The information in this index is quite reliable. However, keep in mind that even though this index is very accurate it still may contain inaccuracies, such as altered spellings or misinterpretations.
The records are in individual files which usually include the following:
- A jacket-envelope for each soldier, labeled with his name, his rank, and the unit in which he served
- A card (or cards) with abstracts of entries from original muster rolls, returns, rosters, payrolls, appointment books, hospital registers, Union prison registers and rolls, parole rolls, and inspection reports
- The originals of any papers relating only to the particular soldier
Whenever possible FamilySearch makes images and indexes available for all users. However, rights to view these data are limited by contract and subject to change. Because of this there may be limitations on where and how images and indexes are available or who can see them. Please be aware some collections consist only of partial information indexed from the records and do not contain any images.

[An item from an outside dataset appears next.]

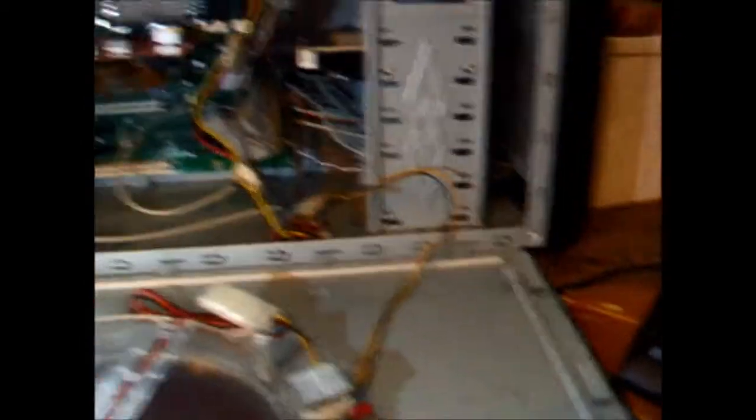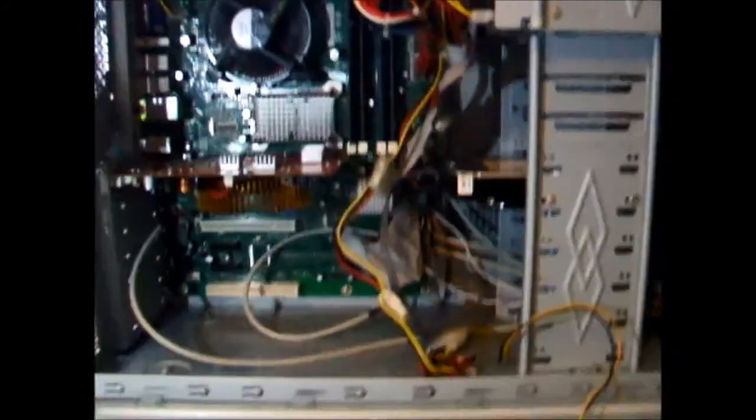There is a 500-watt PSU, which came with the case — thankfully. And there is a Pentium Dual Core in there, the E2160, running at 1.8 gigahertz with 2 megabytes of cache.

For additional information about image restrictions see Restrictions for Viewing Images in FamilySearch Historical Record Collections.
What Can These Records Tell Me?
Each file usually lists:
- Soldier’s full name and rank
- Company and regiment/legion in which served
- Date and place where mustered into service and by whom
- Age (often estimated)
- Length of time to be serve
- Type of records in file
- NARA publication number, title, and roll number
How Do I Search This Collection?
Before searching this collection, it is helpful to know:
- The name of your ancestor
- The approximate age of your ancestor
- The company or regiment in which your ancestor served
Search the IndexSearch by name on the Collection Details Page.
- Fill in the search boxes in the Search Collection section with the information you know
- Click Search to show possible matches
How Do I Analyze the Results?
Compare each result from your search with what you know to determine if there is a match. This may require viewing multiple records or images. Keep track of your research in a research log.
What Do I Do Next?
When you have located your ancestor’s service record, carefully evaluate each piece of information given. These pieces of information may give you new biographical details that can lead you to other records about your ancestors. Add this new information to your records of each family.
I Found the Person I Was Looking For, What Now?
- Use the estimated age to calculate a birth date
- Use the age and location of the military unit to find the soldier’s family in census, church, and land records
- Continue to search the index and records to identify children, siblings, parents, and other relatives who may have served in the same unit or a nearby unit
- When looking for a person who had a common name, look at all the entries for the name
I Can't Find the Person I'm Looking For, What Now?
- Look for variant spellings of the names. You should also look for alias names, nicknames and abbreviated names
- Search the records of nearby military units.and localities
The following articles will help you in your research for your family in the state of Tennessee.
- Tennessee Guided Research
- Tennessee Record Finder
- Research Tips and Strategies
- Step-by-Step Research
- US Military Basic Search Strategies
- Beginning Research in United States Military Records
- Beginning United States Civil War Research
- Locating a Confederate Civil War Soldier (1861–1865)
Citing This Collection
Citations help you keep track of places you have searched and sources you have found. Identifying your sources helps others find the records you used.
The citation for this collection can be found on the Collection Details Page in the section Citing this Collection.
When looking at a record, the citation can be viewed by clicking the drop-down arrow next to Document Information.